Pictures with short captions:
___

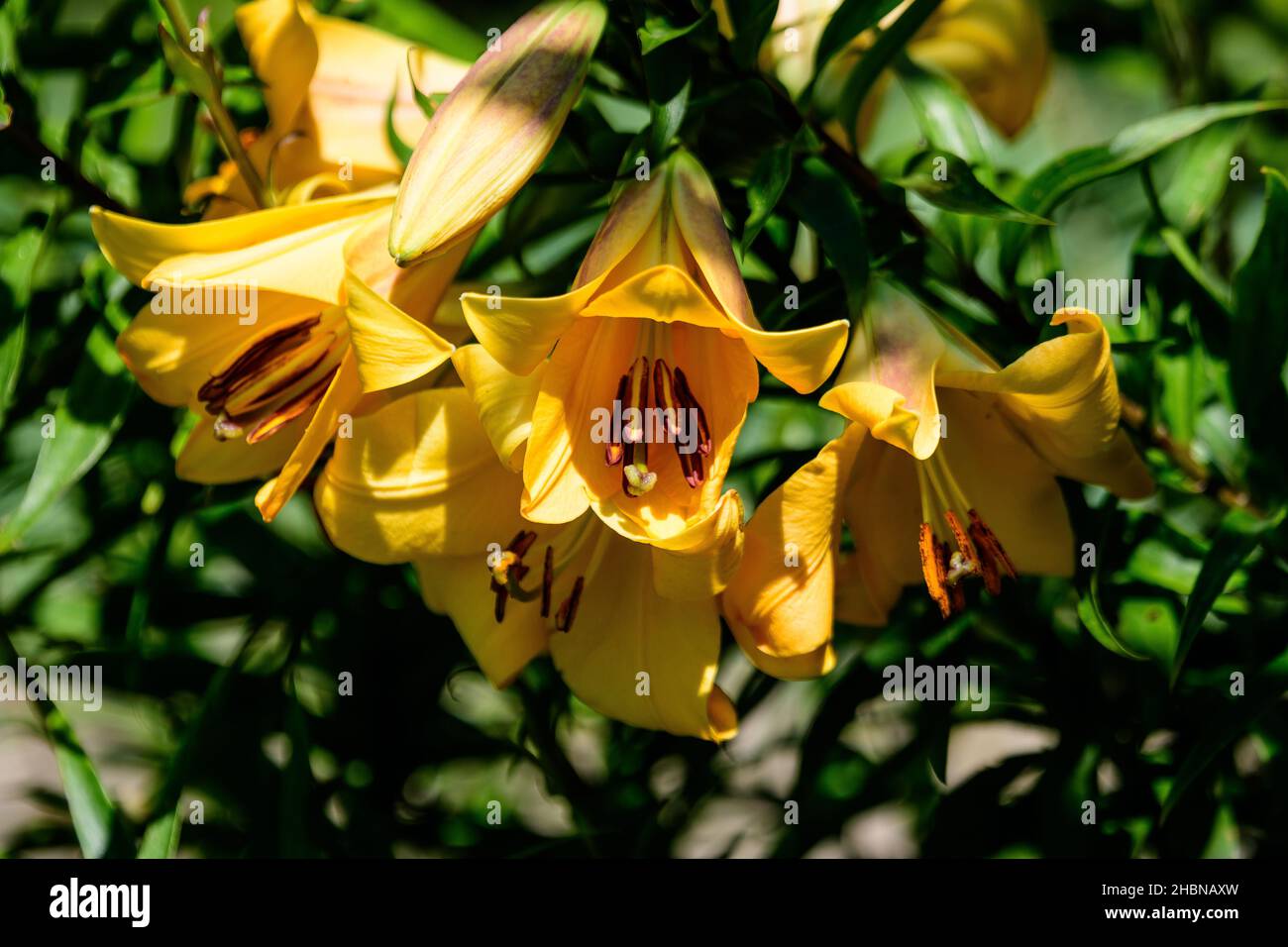 Lebhaft gelbe Blüten von Hemerocallis Lilium oder Lily Pflanze in einem britischen Cottage-Stil Garten an einem sonnigen Sommertag, schöne Outdoor-Blumenhintergrund Stockfoto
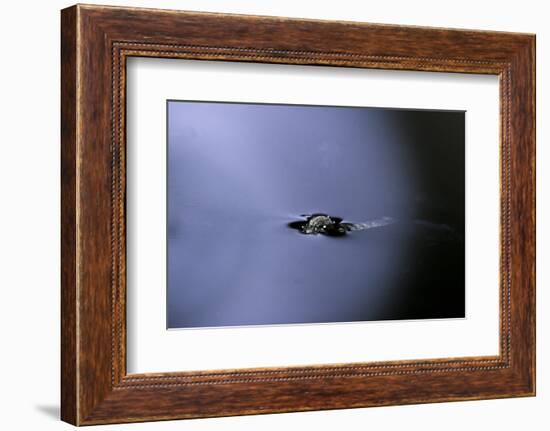 Culex Pipiens (Common House Mosquito) - Emerging (A2)-Paul Starosta-Framed Photographic Print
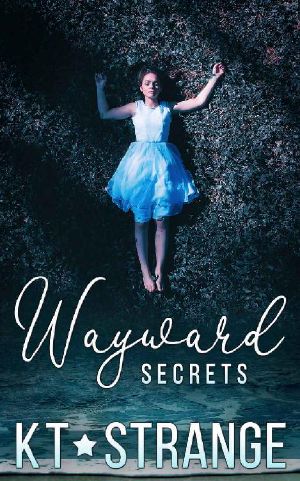 Wayward Secrets: The Raven Brothers of Fallen Mountain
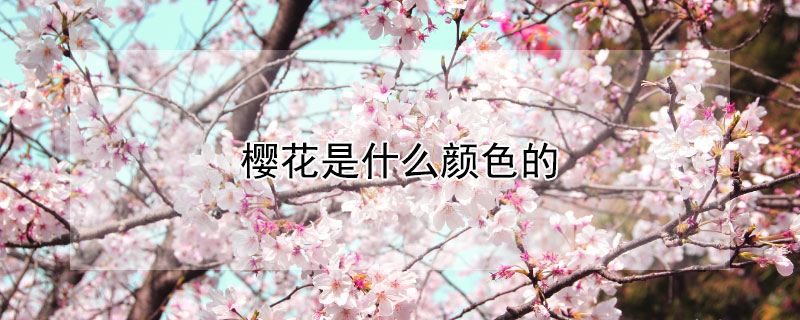 樱花是什么颜色的（樱花是什么颜色的图片）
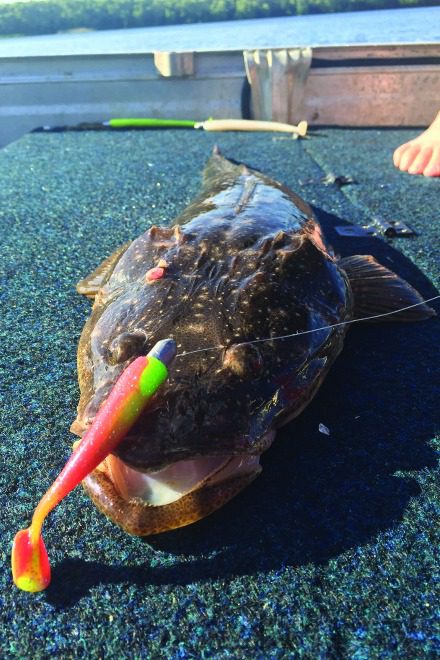 Solid flathead will be smashing plastics during August.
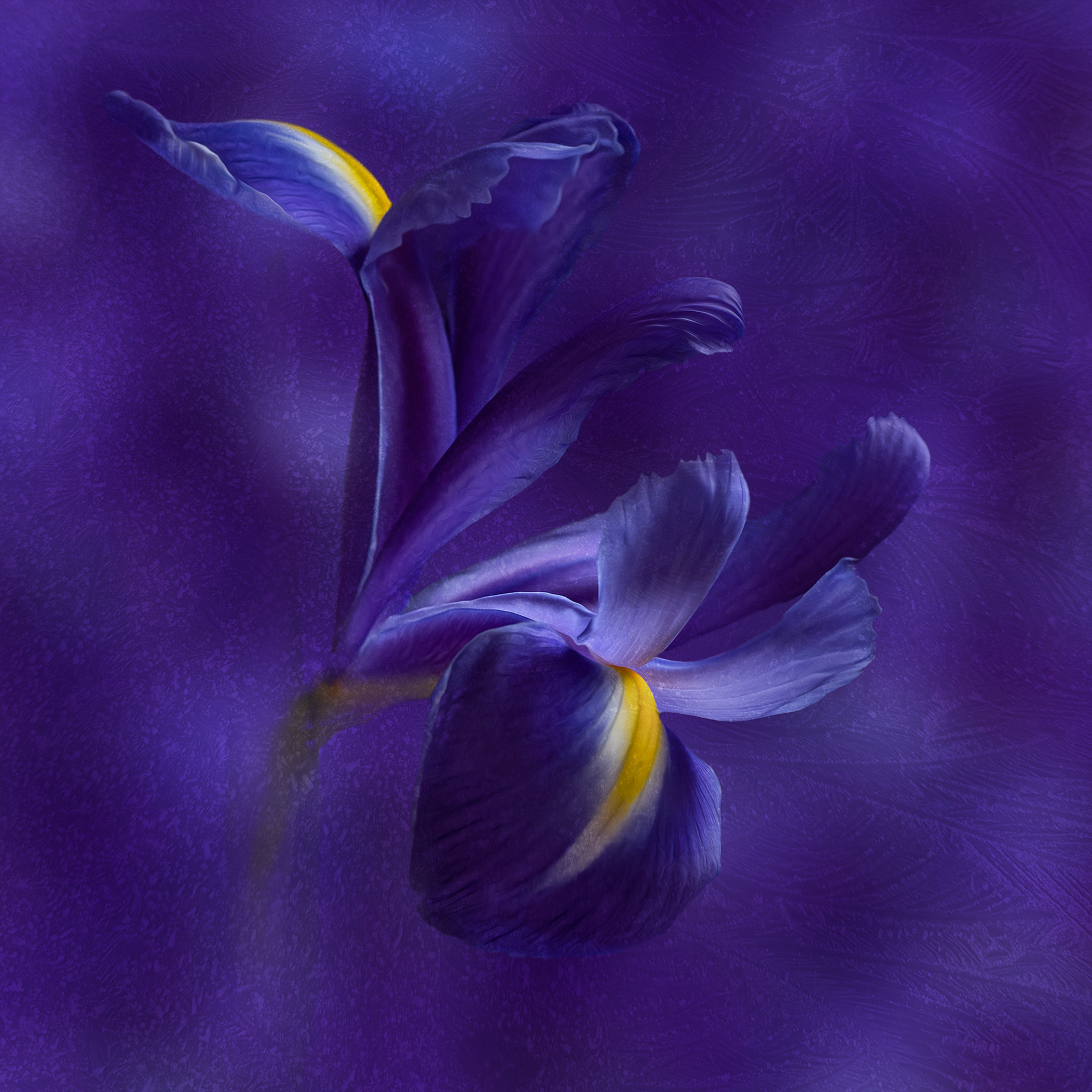 Purple iris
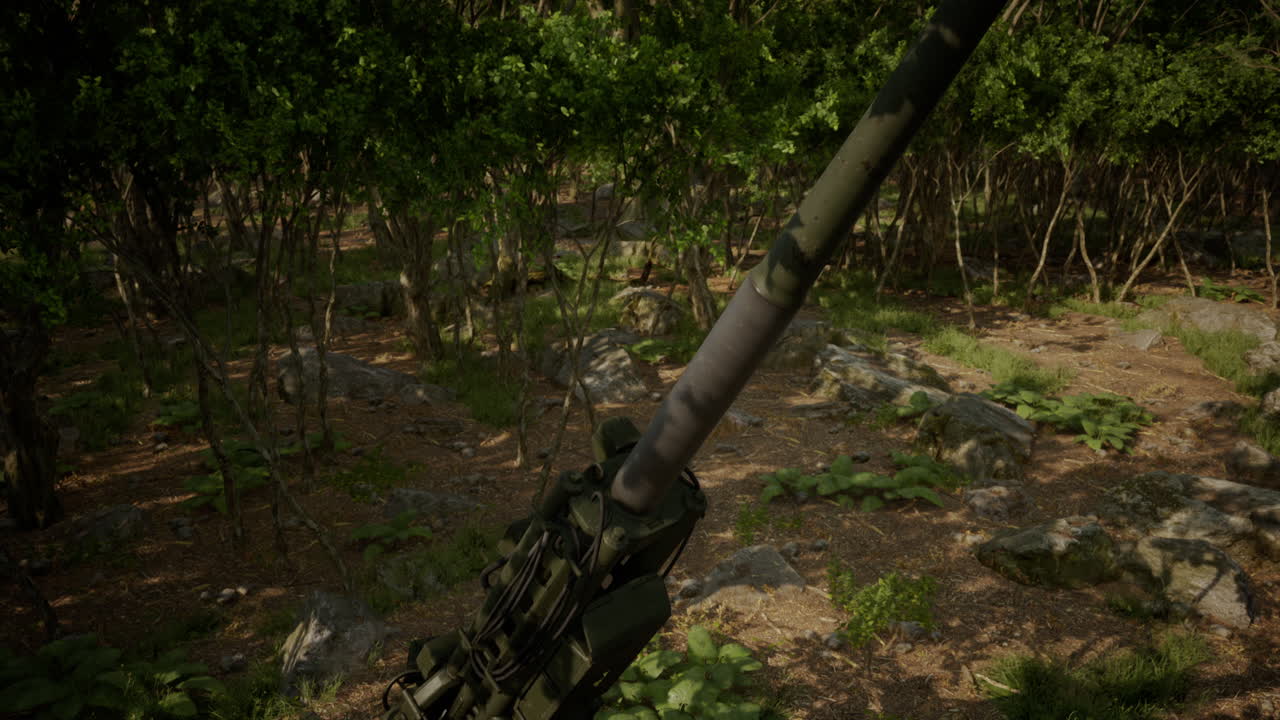 un grosso cannone nella foresta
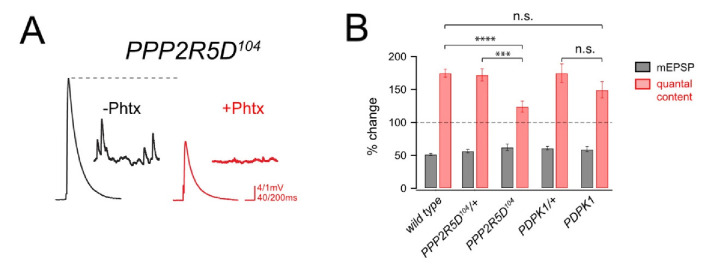 Figure 5—figure supplement 2.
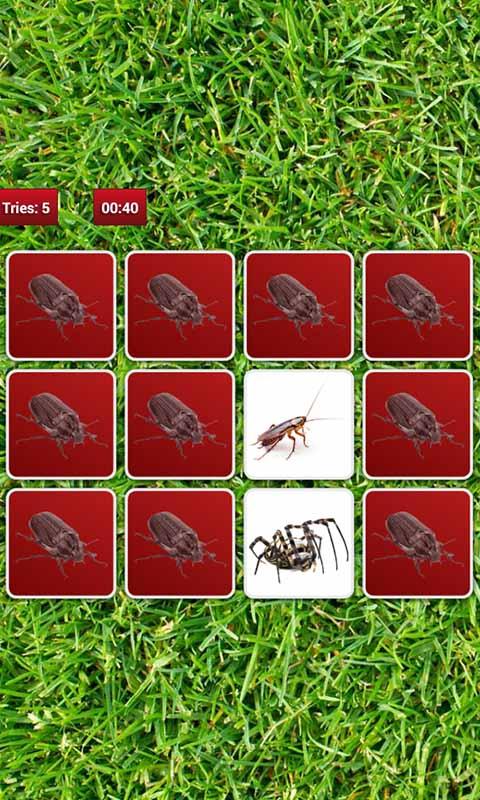 Insect Memory Game截图5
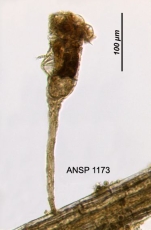 Collotheca ornata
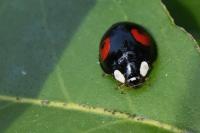 Harmonia axyridis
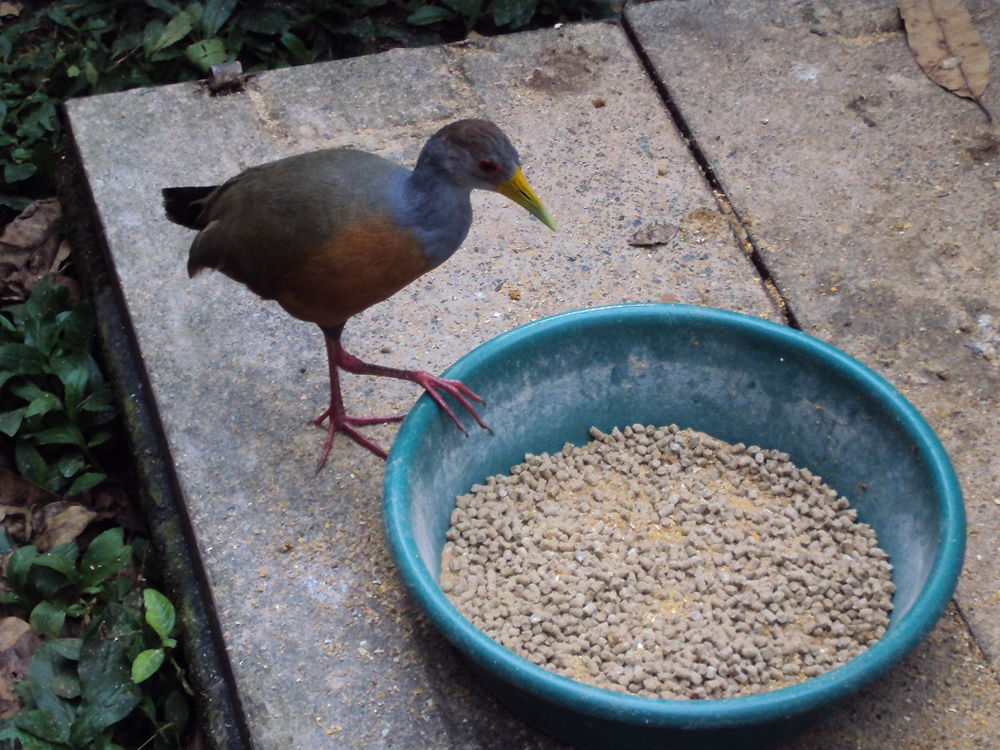 Las Aves Son Lo Más Pro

___

Exercise aim:
Every record above must be copied exactly, and no picture may appear in the copy.

Reply to the exercise:
 Lebhaft gelbe Blüten von Hemerocallis Lilium oder Lily Pflanze in einem britischen Cottage-Stil Garten an einem sonnigen Sommertag, schöne Outdoor-Blumenhintergrund Stockfoto
 Culex Pipiens (Common House Mosquito) - Emerging (A2)-Paul Starosta-Framed Photographic Print
 Wayward Secrets: The Raven Brothers of Fallen Mountain
 樱花是什么颜色的（樱花是什么颜色的图片）
 Solid flathead will be smashing plastics during August.
 Purple iris
 un grosso cannone nella foresta
 Figure 5—figure supplement 2.
 Insect Memory Game截图5
 Collotheca ornata
 Harmonia axyridis
 Las Aves Son Lo Más Pro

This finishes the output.